Equations: Plan A: y = 0.1x + 20
; Plan B: y = 0.2x + 10
Solution: Setting the equations equal to find the intersection point, which represents the usage at which both plans cost the same.
2. Motion Problem Example
Scenario: Two cars traveling towards each other from different locations and determining when they meet.
Equations: Car A: d = 50t
; Car B: d = 60(t - 1)
Solution: Solving the system to find the time and distance at which the cars meet.
3. Mixture Problem Example
Scenario: Mixing two solutions with different concentrations to achieve a desired concentration.
Equations: Representing the quantities and concentrations of the solutions to form a system.
Solution: Solving the system to determine the amounts of each solution needed.
These examples illustrate how to translate real-world situations into systems of equations and apply appropriate methods to find solutions.
Additional Multimedia Resources
Slide Show of terms related to Systems: https://www.media4math.com/library/slideshow/definitions-systems-equations
Collection of terms on the topic of Linear Systems: https://www.media4math.com/Definitions--LinearSystems
This slide show provides multiple examples for solving systems of equations using the substitution method: https://www.media4math.com/library/slideshow/math-examples-solving-systems-equations-substitution
This slide show provides multiple examples for solving systems of equations using the elimination method: https://www.media4math.com/library/slideshow/math-examples-solving-systems-equations-using-elimination
This slide show provides multiple examples for solving systems of equations by graphing: https://www.media4math.com/library/slideshow/math-examples-solving-systems-equations-graphing
This slide show provides multiple examples for solving systems of equations using matrices: https://www.media4math.com/library/slideshow/math-examples-solving-systems-equations-using-matrices
Quiz
Directions: Solve each problem. Show your work.
- Solve for the break-even point: y = 3x + 20, y = 5x + 10.
- Two vehicles start at different locations: d = 4t + 3, d = 6t. When do they meet?
- Translate this word problem into a system of equations: A chemist is mixing two solutions to create an 8-liter mixture with a specific concentration of an active ingredient.
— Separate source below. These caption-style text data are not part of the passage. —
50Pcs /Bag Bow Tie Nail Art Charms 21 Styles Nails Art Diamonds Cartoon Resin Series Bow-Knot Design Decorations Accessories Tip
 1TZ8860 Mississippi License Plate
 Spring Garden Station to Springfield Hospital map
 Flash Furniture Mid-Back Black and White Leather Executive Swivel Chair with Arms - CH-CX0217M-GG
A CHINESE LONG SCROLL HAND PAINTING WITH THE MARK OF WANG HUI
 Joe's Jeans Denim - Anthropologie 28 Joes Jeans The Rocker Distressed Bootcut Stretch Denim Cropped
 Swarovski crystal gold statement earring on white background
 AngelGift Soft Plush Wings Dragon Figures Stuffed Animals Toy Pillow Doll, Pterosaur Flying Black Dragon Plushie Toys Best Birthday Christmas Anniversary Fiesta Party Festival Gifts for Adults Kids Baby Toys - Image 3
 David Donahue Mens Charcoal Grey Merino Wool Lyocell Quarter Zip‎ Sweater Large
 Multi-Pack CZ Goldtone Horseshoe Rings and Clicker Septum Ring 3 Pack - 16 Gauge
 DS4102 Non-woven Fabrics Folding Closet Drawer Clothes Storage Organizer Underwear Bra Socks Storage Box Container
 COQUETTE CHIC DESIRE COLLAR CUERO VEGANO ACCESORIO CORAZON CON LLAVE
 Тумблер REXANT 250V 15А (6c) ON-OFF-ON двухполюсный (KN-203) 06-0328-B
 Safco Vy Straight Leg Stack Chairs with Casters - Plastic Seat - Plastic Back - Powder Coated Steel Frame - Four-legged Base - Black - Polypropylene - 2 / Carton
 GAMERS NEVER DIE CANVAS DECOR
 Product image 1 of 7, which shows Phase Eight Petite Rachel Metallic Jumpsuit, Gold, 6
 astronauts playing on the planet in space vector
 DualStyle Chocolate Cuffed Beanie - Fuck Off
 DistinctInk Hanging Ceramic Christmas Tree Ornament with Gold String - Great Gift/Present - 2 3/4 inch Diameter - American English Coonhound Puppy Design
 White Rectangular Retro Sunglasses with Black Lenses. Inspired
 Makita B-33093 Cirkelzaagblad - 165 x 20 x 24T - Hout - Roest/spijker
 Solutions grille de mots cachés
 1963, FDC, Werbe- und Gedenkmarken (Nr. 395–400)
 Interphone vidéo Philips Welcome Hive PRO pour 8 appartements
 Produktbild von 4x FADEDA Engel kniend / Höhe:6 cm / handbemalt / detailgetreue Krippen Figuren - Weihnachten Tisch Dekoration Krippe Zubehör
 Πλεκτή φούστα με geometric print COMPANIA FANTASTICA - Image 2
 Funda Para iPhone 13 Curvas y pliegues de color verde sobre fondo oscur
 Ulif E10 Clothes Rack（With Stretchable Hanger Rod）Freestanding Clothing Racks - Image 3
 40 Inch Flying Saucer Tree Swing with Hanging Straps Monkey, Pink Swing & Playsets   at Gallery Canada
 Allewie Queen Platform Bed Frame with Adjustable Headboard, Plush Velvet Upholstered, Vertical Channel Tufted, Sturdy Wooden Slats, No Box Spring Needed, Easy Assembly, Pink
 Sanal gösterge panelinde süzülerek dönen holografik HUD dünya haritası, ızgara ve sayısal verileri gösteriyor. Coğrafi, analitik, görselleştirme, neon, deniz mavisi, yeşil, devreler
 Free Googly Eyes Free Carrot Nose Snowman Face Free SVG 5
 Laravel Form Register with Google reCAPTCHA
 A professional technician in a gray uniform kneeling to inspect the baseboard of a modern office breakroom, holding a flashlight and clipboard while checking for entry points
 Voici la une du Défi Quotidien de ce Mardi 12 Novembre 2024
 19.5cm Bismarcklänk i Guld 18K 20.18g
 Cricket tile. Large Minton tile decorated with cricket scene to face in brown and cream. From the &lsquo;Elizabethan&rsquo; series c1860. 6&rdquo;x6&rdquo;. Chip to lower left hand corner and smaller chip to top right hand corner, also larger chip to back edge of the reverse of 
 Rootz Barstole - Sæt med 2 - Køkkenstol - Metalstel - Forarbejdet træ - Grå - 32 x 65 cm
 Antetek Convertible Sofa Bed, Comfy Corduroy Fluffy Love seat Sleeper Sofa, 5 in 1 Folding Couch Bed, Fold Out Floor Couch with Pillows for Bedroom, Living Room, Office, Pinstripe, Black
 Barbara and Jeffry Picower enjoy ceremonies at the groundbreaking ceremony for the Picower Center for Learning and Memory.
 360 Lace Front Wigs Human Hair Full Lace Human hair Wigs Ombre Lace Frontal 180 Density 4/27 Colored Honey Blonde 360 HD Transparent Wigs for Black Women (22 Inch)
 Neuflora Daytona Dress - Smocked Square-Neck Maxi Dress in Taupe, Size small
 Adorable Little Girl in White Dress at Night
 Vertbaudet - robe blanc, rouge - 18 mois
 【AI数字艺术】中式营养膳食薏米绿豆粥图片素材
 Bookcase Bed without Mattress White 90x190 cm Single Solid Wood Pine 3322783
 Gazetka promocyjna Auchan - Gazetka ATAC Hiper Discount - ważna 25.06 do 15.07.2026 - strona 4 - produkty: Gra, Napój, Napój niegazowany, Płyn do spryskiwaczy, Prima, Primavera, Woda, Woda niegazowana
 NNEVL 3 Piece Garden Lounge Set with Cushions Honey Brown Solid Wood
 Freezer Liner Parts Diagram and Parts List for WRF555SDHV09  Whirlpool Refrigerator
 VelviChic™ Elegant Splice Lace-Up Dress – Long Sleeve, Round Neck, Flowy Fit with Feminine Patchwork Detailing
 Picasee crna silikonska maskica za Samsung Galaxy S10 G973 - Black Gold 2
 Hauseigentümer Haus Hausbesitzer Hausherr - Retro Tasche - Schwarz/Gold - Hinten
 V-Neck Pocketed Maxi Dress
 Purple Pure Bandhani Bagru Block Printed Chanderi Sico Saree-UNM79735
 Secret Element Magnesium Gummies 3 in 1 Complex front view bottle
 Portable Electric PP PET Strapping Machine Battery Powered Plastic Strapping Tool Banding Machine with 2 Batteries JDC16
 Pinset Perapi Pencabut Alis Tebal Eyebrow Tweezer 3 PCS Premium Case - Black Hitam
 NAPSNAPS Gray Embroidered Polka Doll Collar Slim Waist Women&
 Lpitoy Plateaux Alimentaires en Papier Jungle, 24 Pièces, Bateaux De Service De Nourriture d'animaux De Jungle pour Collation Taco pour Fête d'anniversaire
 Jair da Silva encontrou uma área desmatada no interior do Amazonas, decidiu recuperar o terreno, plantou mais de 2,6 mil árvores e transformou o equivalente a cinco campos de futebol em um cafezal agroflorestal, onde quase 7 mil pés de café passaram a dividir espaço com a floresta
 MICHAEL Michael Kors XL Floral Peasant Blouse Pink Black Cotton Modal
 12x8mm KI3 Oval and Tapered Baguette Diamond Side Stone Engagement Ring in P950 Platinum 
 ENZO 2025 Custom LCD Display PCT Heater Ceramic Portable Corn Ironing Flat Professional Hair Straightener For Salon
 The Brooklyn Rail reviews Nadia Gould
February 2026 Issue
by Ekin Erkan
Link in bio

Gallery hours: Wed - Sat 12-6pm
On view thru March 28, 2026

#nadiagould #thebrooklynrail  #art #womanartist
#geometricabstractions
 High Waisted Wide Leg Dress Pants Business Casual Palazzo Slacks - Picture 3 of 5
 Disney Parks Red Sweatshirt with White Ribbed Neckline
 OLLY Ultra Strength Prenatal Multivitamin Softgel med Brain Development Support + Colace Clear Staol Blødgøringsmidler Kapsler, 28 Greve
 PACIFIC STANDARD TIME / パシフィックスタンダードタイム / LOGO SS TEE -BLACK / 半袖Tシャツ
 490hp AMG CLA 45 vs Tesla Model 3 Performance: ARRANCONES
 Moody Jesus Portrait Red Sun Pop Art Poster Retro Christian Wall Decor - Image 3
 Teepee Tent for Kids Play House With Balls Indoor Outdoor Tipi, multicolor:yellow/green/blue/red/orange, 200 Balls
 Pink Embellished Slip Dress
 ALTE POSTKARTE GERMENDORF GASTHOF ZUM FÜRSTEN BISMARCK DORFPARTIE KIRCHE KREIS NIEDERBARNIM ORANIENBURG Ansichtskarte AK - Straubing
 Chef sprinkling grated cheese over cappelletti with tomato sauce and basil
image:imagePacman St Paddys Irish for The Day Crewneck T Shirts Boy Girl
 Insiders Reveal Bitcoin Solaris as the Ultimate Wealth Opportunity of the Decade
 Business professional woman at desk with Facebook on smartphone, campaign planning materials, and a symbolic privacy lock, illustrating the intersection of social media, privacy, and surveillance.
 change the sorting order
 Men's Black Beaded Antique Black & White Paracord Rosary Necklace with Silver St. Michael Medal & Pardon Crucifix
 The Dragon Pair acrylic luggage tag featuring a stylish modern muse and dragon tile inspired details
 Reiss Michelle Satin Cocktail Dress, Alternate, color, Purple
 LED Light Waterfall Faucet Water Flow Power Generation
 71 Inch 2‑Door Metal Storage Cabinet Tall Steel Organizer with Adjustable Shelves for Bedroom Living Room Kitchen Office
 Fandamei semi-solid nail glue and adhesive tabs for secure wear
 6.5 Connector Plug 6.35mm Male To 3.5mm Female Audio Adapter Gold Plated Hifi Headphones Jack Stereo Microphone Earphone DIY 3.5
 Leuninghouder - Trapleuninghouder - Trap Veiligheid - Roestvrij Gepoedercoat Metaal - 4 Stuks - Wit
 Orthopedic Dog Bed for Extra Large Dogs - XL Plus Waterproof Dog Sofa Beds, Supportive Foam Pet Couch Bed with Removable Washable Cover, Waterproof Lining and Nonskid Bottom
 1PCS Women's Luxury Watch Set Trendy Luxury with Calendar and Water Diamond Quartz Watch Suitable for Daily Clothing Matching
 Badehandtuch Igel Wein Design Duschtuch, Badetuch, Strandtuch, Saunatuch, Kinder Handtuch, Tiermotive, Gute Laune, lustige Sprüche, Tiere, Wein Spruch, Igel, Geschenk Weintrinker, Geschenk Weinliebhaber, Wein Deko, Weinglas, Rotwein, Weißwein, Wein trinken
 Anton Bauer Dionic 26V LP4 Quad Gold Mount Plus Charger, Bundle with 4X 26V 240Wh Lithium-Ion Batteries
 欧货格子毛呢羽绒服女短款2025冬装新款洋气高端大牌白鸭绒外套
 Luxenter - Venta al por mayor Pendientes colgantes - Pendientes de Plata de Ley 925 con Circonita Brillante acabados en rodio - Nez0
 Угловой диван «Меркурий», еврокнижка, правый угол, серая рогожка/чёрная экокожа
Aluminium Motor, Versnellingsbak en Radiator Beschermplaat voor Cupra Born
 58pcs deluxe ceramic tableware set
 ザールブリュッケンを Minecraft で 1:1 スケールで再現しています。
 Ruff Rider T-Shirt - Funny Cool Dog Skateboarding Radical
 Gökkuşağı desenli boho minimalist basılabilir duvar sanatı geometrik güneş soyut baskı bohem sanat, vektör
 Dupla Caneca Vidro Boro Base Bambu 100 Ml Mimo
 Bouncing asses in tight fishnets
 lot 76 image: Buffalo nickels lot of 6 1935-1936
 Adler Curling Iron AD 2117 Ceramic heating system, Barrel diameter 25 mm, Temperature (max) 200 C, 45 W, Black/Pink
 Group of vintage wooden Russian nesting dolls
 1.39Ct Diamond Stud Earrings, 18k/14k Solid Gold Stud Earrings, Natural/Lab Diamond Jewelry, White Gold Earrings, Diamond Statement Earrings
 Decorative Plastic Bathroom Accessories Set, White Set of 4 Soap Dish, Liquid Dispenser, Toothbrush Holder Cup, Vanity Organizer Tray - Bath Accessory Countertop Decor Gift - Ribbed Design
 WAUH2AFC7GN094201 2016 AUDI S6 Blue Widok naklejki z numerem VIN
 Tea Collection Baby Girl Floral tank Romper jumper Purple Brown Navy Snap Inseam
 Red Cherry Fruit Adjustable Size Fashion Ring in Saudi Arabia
- The first solution contains 50% of the active ingredient.
- The second solution contains 30% of the active ingredient.
- The final mixture needs to have 3.2 liters of the active ingredient.
- How much of each solution should the chemist use?
- Graph and find the solution for: y = 2x + 1 and y = -x + 4.
- Identify if the point (2, 7) is a solution to the system y = x + 5 and y = 2x + 3.
- Create and solve an equation for two competing car rentals: Rental A: \$50 + \$0.20 per mile, Rental B: \$30 + \$0.50 per mile.
- What does the intersection of two cost functions represent in the real world?
- Solve: y = 0.25x + 5 and y = 0.75x + 2.
- Verify if the point (5, 15) satisfies the system 2x + y = 25 and x - y = 0.
- Describe a situation where infinite solutions might occur in real life.
Answer Key
- Break-even point: x = 5, y = 35.
- They meet after 1.5 hours at 9 miles.
- x + y = 8, 0.5x + 0.3y = 3.2.
- Intersection: (1, 3).
- Yes, it satisfies both equations.
- Intersection: x = 66.67 miles.
- The point where costs are the same for both companies.
- Intersection: x = 6, y = 6.5.
- Yes, it satisfies both equations.
- When two businesses have identical cost and revenue functions.